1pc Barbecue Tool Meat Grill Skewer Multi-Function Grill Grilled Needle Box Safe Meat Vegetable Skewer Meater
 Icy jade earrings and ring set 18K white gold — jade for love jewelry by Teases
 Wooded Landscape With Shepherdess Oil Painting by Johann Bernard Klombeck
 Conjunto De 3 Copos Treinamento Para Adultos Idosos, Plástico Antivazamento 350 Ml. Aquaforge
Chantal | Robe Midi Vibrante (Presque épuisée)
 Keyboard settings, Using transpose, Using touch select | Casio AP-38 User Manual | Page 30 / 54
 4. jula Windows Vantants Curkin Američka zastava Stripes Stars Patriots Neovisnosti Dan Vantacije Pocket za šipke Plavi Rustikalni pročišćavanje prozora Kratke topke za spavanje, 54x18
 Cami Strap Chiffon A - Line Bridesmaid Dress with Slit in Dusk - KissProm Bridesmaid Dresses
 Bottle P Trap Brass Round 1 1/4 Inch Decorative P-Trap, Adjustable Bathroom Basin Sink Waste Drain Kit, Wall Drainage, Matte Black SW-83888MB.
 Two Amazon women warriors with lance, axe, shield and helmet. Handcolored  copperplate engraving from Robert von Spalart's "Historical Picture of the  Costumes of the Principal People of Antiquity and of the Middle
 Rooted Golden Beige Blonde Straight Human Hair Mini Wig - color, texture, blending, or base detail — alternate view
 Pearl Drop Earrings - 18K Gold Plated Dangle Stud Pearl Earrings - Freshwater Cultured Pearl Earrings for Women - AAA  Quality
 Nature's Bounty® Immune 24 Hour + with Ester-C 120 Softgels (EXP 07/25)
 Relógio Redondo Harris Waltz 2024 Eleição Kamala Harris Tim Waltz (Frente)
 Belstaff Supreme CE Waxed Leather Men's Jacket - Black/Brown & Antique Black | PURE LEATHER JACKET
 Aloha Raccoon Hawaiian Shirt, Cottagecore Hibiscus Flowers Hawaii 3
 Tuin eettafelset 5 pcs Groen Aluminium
•••••
WHAT IS NEEDED: Copy out every record above exactly as written.

ANSWER SPACE:
1pc Barbecue Tool Meat Grill Skewer Multi-Function Grill Grilled Needle Box Safe Meat Vegetable Skewer Meater
 Icy jade earrings and ring set 18K white gold — jade for love jewelry by Teases
 Wooded Landscape With Shepherdess Oil Painting by Johann Bernard Klombeck
 Conjunto De 3 Copos Treinamento Para Adultos Idosos, Plástico Antivazamento 350 Ml. Aquaforge
Chantal | Robe Midi Vibrante (Presque épuisée)
 Keyboard settings, Using transpose, Using touch select | Casio AP-38 User Manual | Page 30 / 54
 4. jula Windows Vantants Curkin Američka zastava Stripes Stars Patriots Neovisnosti Dan Vantacije Pocket za šipke Plavi Rustikalni pročišćavanje prozora Kratke topke za spavanje, 54x18
 Cami Strap Chiffon A - Line Bridesmaid Dress with Slit in Dusk - KissProm Bridesmaid Dresses
 Bottle P Trap Brass Round 1 1/4 Inch Decorative P-Trap, Adjustable Bathroom Basin Sink Waste Drain Kit, Wall Drainage, Matte Black SW-83888MB.
 Two Amazon women warriors with lance, axe, shield and helmet. Handcolored  copperplate engraving from Robert von Spalart's "Historical Picture of the  Costumes of the Principal People of Antiquity and of the Middle
 Rooted Golden Beige Blonde Straight Human Hair Mini Wig - color, texture, blending, or base detail — alternate view
 Pearl Drop Earrings - 18K Gold Plated Dangle Stud Pearl Earrings - Freshwater Cultured Pearl Earrings for Women - AAA  Quality
 Nature's Bounty® Immune 24 Hour + with Ester-C 120 Softgels (EXP 07/25)
 Relógio Redondo Harris Waltz 2024 Eleição Kamala Harris Tim Waltz (Frente)
 Belstaff Supreme CE Waxed Leather Men's Jacket - Black/Brown & Antique Black | PURE LEATHER JACKET
 Aloha Raccoon Hawaiian Shirt, Cottagecore Hibiscus Flowers Hawaii 3
 Tuin eettafelset 5 pcs Groen Aluminium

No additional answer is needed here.